The VPC stack will provision necessary networking components including VPCs, Subnets, Security Groups, NAT Gateways, in addition to Amazon Certificate Manager (ACM) certificates for use with CloudTAK. As part of this process, a DNS valdation check will be performed.

git clone git@github.com:dfpc-coe/vpc
cd vpc
npm install

deploy create <stack-name> --profile <profile> --region <region>
  1. Build and publish the CloudTAK container images

CloudTAK ships with scripts to build the required images and push them to ECR. Run these commands from the root of the CloudTAK repository after you clone it.

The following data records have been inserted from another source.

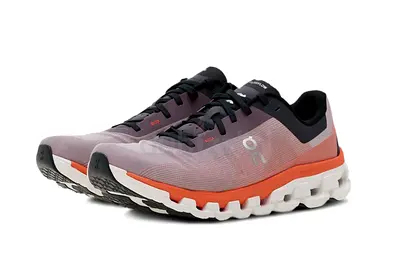 Brand new ON Cloudflow 4 - Running Shoes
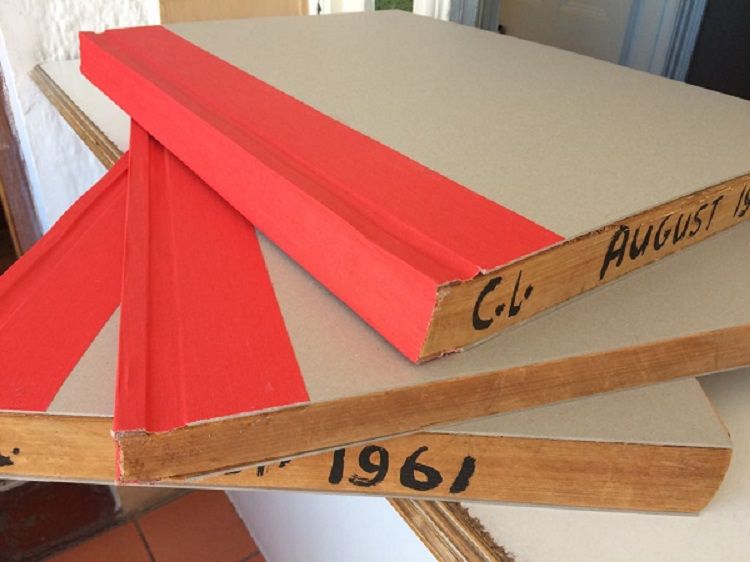 BookBindingPE's tweet image. buff.ly/2m8gOIq New Book Binding Project for the Newspaper House Archives #bookbinding #newspaperbinding #bookbindingtechniques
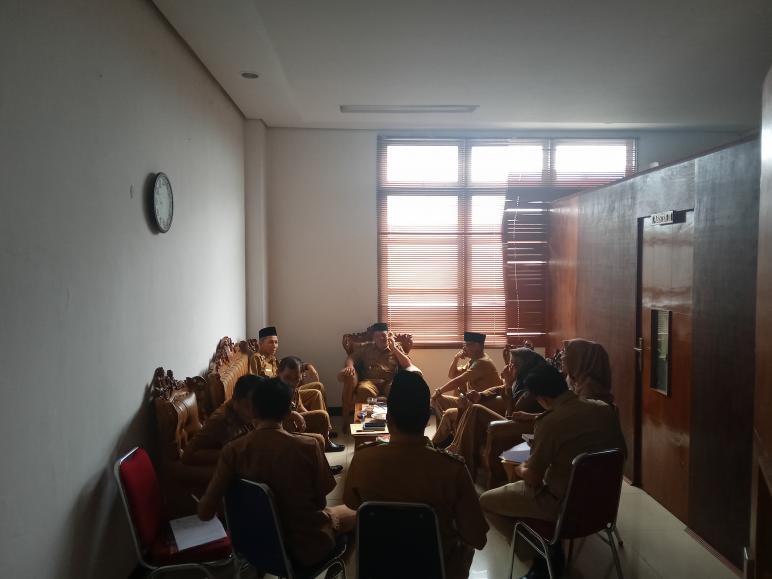 Rapat persiapan perencanaan pembangunan jalan lingkungan di Padang kempas 
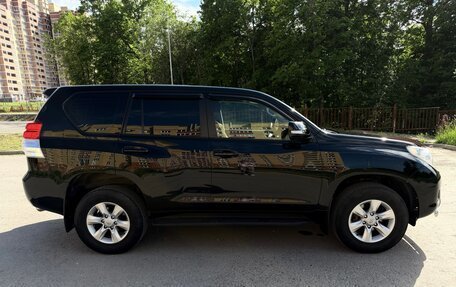 Toyota Land Cruiser Prado 150 рестайлинг 2, 2012 год, 2 295 000 рублей, 4 фотография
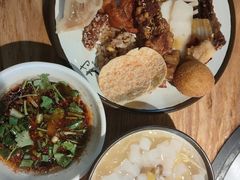 -川渝又一村火锅烤肉自助(步行街店)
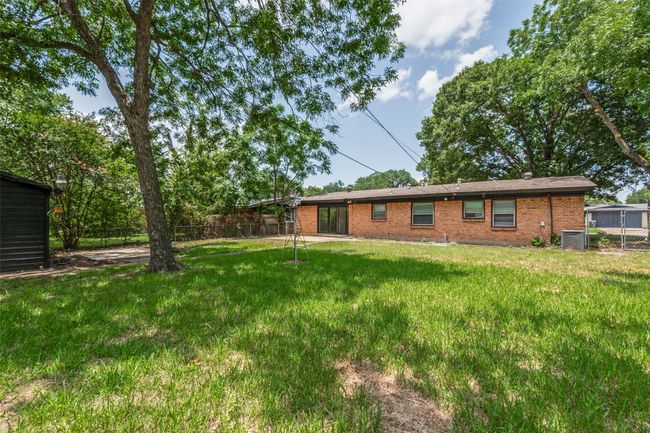 View of yard | Image 25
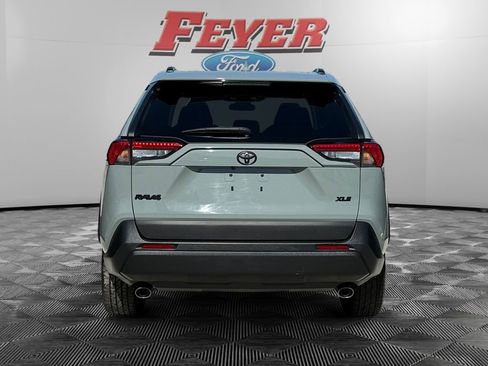 Used 2021 Toyota RAV4 XLE Premium FWD image 4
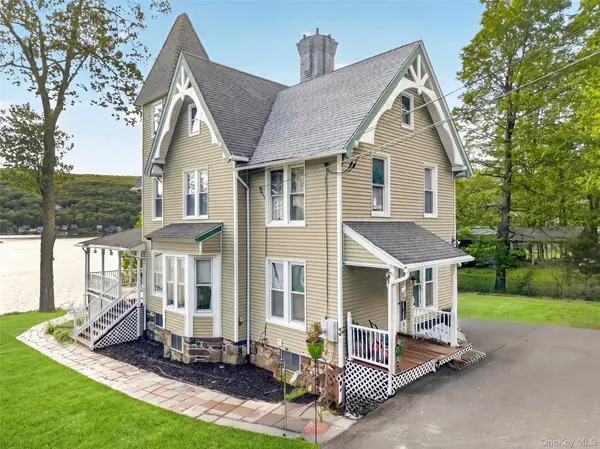 83 Edgemere AVE, Greenwood Lake, NY 10925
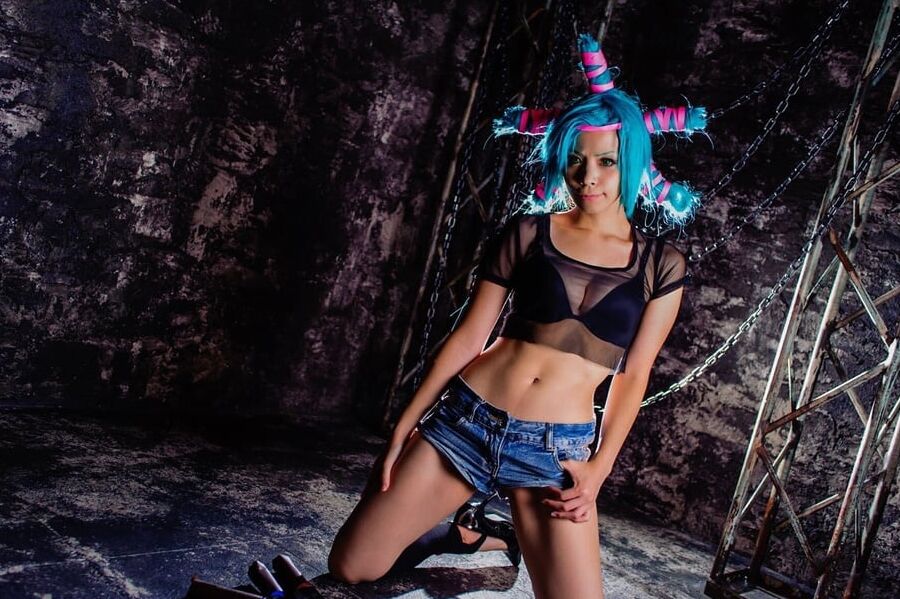 Amateur japanese cosplayer Akarin with amazing tomboy body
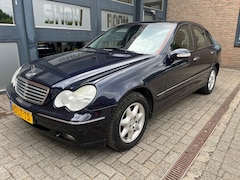 Mercedes-Benz C-klasse - 180 K. Elegance, géén roest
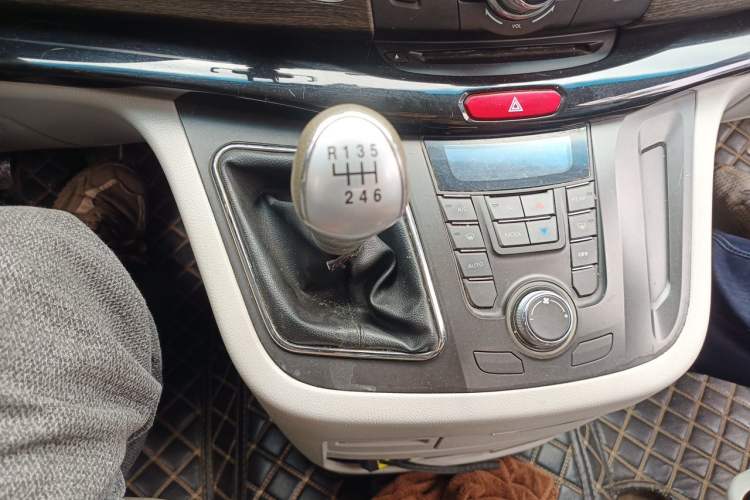 Used JAC Group Refine M5 2013 2.0T Gasoline Manual Business Edition Gear Lever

Make sure the target ECR repositories already exist and that your AWS credentials are available in the current shell, because the build process performs aws ecr get-login-password as part of the push flow.

cd ~/Development/dfpc-coe
git clone git@github.com:dfpc-coe/CloudTAK
cd CloudTAK
npm install
npm run build
  1. Install the CloudTAK Infrastructure

Note: The stack name must match the stack name used in the VPC deployment step. Each stack will be prefixed by the name of the git repository.

cd ~/Development/dfpc-coe
$(deploy env --profile <profile> --region <region>)
Environment='<stack-name>' node bin/build.js

deploy create <stack-name> --template cloudformation/webhooks.template.js --profile <profile> --region <region>
deploy create <stack-name> --profile <profile> --region <region>
deploy update <stack-name> --profile <profile> --region <region>
deploy info <stack-name> --outputs --profile <profile> --region <region>
deploy info <stack-name> --parameters --profile <profile> --region <region>
  1. Navigate to https://map.<yourdomain> to access the CloudTAK Web UI

The webhooks stack creates the API Gateway resources used for inbound ETL data events and internal webhook processing.

If you prefer not to install deploy globally, the same commands can be run with npx deploy ... from the repository root.

For a full list of supported actions, run:

deploy --help
deploy info --help

Optional dependencies🔗

The following components can be deployed later if your environment needs them:

Name Notes
coe-media-<name> Media-server task definitions and supporting infrastructure

S3 Bucket Configuration🔗

CloudTAK will use a single S3 compatible store for storing assests including map tiles, user uploaded files, and other static content.

If you are using the provided AWS CloudFormation Or Docker Compose file, this bucket will be created for you. In AWS this will be created with a native S3 bucket, while Docker Compose will deploy a Minio instance to provide S3 compatible storage.

The following key prefixes will be used within the S3 Bucket:

Prefix Management Description
attachment/{sha256}/{file.ext} Automated CoT Attachments by Data Package reported SHA
import/{UUID}/{file.ext} Automated Initial User File Uploads
profile/{email}/{file.ext} Automated User Files & Cloud Optimized outputs from Import process
public/{name}.pmtiles User Provided Public Tile Pyramids

Public Tile Pyramids🔗

Public Tile Pyramids are user provided PMTiles files that are made available to any authenticated CloudTAK User.

While the server will immediately host tile requests for any uploaded PMTiles file, for users to see the Tile source in the UI, an entry must be created via the Admin Overlay Console and set to Public for users to have a UI driven method for discovering and using the Tile source.